My toys are enough high maintenance for me. I don't need to add a high maintenance female to the equation.:rotfl:


----------



## jaime1982 (Aug 25, 2009)

bg said:


> Is this the body of a 12 y/o boy?
> 
> Can anyone honestly say they would rather have the current cover girl vs. those of the past?


That one isnt boyish but it you look up any (super models) of the ones they use for fashion shows, they are all skinny and sick looking. Like crackhead, chicken head looking with hip bones all out and stuff.

Im not saying fat is IT because fit is very hot, but anorexic looking isnt it for me.

Current for me BTW


----------



## CORNHUSKER (Jul 12, 2004)

Fat chicks suck!!!


:brew2:


----------



## mstrelectricman (Jul 10, 2009)

CORNHUSKER said:


> Fat chicks suck!!!
> 
> :brew2:


This. She's a little porky for me and after a few years she'll be usin WAY too much food and toilet paper!:rotfl:


----------



## Rack Ranch (May 25, 2004)

I would take either!!!!


----------



## mstrelectricman (Jul 10, 2009)

Rack Ranch said:


> I would take either!!!!


Had a friend back in tha day that always said..."the worst I ever had was wonderful!" He was a bit touched though.


----------



## GeauxGet'Er (Jul 15, 2011)

To porky...I'd need to introduce her to my new workout regiment to help her slim up.


----------



## prokat (Jul 17, 2010)

CORNHUSKER said:


> Fat chicks suck!!!
> 
> :brew2:


This....just don't give her any wedding cake lol


----------



## bg (May 21, 2004)

jaime1982 said:


> That one isnt boyish but it you look up any (super models) of the ones they use for fashion shows, they are all skinny and sick looking. Like crackhead, chicken head looking with hip bones all out and stuff.
> 
> Im not saying fat is IT because fit is very hot, but anorexic looking isnt it for me.
> 
> Current for me BTW


Runway shows are a different thing altogether, those girls have never really been attractive. They've always been sticks, it's about making the clothes hang a certain way, not the model. There were a few notable exceptions (Cindy Crawford, Kate Moss).

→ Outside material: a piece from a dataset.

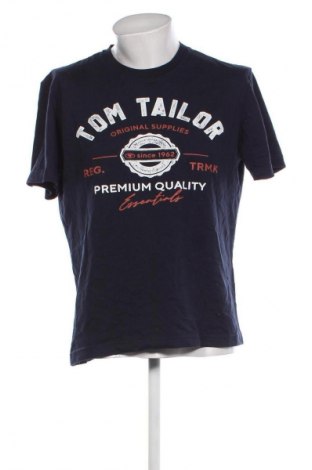 Męski T-shirt Tom Tailor, Rozmiar XL, Kolor Niebieski, Cena 100,99 zł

I'll take thin/fit any day, I know fat girls need lovin too, just not from me. My truck is lifted so they can't jump in.


----------



## sotexhookset (Jun 4, 2011)

bg said:


> I'll take thin/fit any day, I know fat girls need lovin too, just not from me. My truck is lifted so they can't jump in.


I beg to differ and you need to put some weight on there yourself boy! Lol


----------



## poppadawg (Aug 10, 2007)

All right for an average heavy set American girl who enjoys a fast food diet, but SI swimsuit model? Me thinks they are trying to be controversial.


----------



## Bassman5119 (Feb 26, 2008)

Oh yeah, current cover over many previous covers!!! That right there is "Good Thick". There are many degrees of "thick". There's a thick chick on Adoreme.com that seriously rocks the lingerie they sell. Don't know why, but thick chicks always gravitated to me and I to them.


----------



## Permit Rat (May 13, 2014)

Someone needs to post a sexy pic of Ronda in that body paint...There's a hardbody for ya! I'm not into that UFC stuff, but IMO, she cleans up pretty good.


----------



## BBCAT (Feb 2, 2010)

Good looking woman.


----------



## Trouthunter (Dec 18, 1998)

> I'll take thin/fit any day, I know fat girls need lovin too, just not from me. My truck is lifted so they can't jump in.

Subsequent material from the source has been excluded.